Markdown single-file example:
{
"tool": "crawl_url",
"arguments": {
"url": "https://example.com/long-article",
"output_path": "/tmp/crawl_out/article.md"
}
}
JSON structured extraction (extension auto-added):
{
"tool": "extract_structured_data",
"arguments": {
"url": "https://example.com/products",
"extraction_type": "css",
"css_selectors": {"price": ".price", "name": "h1"},
"output_path": "/tmp/crawl_out/products"
}
}
Batch directory mode:
{
"tool": "batch_crawl",
"arguments": {
"urls": ["https://a.example", "https://b.example"],
"output_path": "/tmp/crawl_out/batch_run1"
}
}
Each persisted markdown file begins with a YAML frontmatter block containing url, title, fetched_at, and source_tool so the artifact is self-describing.
π― Common Use Cases
Content Research:
search_and_crawl β extract_structured_data β analysis
Documentation Mining:
deep_crawl_site β batch processing β extraction
Media Analysis:
extract_youtube_transcript β summarization workflow
Site Mapping:
batch_crawl β multi_url_crawl β comprehensive data
π¨ Quick Troubleshooting
Installation Issues:
- Re-run setup scripts with proper privileges
- Try development installation method
- Check browser dependencies are installed
Performance Issues:
- Use
wait_for_js: truefor JavaScript-heavy sites - Increase timeout for slow-loading pages
- Use
extract_structured_datafor targeted extraction
Configuration Issues:
- Check JSON syntax in
claude_desktop_config.json - Verify file paths are absolute
- Restart Claude Desktop after configuration changes
ποΈ Project Structure
- Original Library: crawl4ai by unclecode
- MCP Wrapper: This repository (walksoda)
- Implementation: Unofficial third-party integration
π License
This project is an unofficial wrapper around the crawl4ai library.

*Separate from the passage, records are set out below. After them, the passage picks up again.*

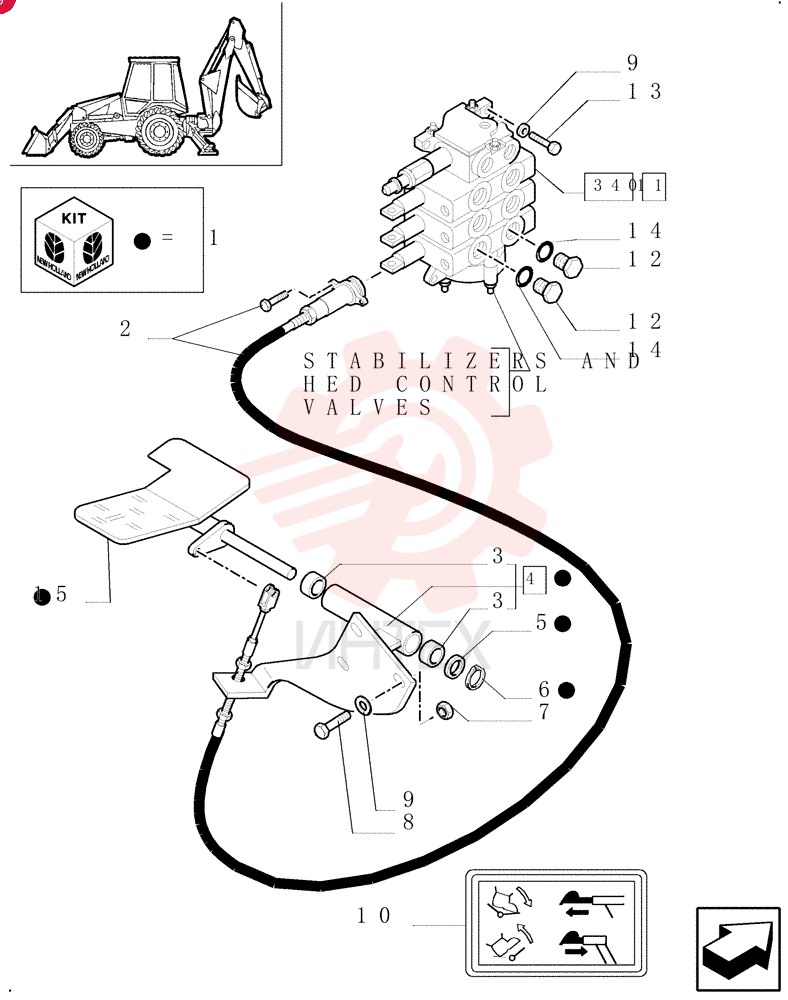 PEDAL 85802509 (2)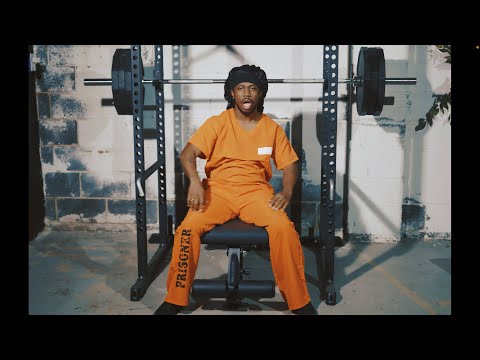 LORD FAYAMAN - VIKTORYE ( VISUALIZER)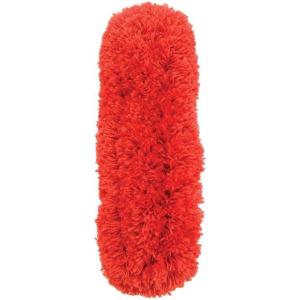 OXO Good Grips Microfiber Duster Refill, Red, A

Please refer to the original crawl4ai license for the underlying functionality.
π€ Contributing
See our Development Guide for contribution guidelines and development setup instructions.
π Related Projects
- crawl4ai - The underlying web crawling library
- Model Context Protocol - The standard this server implements
- Claude Desktop - Primary client for MCP servers
Server Terkait
Bright Data
sponsorDiscover, extract, and interact with the web - one interface powering automated access across the public internet.
Daft.ie MCP Server
Search and retrieve rental property details from Daft.ie via web scraping.
Configurable Puppeteer MCP Server
A configurable MCP server for browser automation using Puppeteer.
Unchained Sky
Browser automation MCP server that connects AI agents to your real Chrome browser with structured page understanding in ~500 tokens
Postman V2
An MCP server that provides access to Postman using V2 api version.
MCP Browser Use Secure
A secure MCP server for browser automation with enhanced security features like multi-layered protection and session isolation.
JCrawl4AI
A Java-based MCP server for interacting with the Crawl4ai web scraping API.
deadlink-checker-mcp
Dead link checker MCP server - find broken links, redirects, and timeouts on any website.
HasData
HasData APIs - Google SERP, Amazon, Zillow, Indeed, Maps, and more
Trends MCP
Real-time trend data from Google (Search, Images, News, Shopping), YouTube, TikTok, Reddit, Amazon, Wikipedia, X (Twitter), LinkedIn, Spotify, GitHub, Steam, npm, App Store, news sentiment and web traffic via one MCP connection. Free API key, 20 requests/day, no credit card required.
Crawl4AI
Web scraping skill for Claude AI. Crawl websites, extract structured data with CSS/LLM strategies, handle dynamic JavaScript content. Built on crawl4ai with complete SDK reference, example scripts, and tests.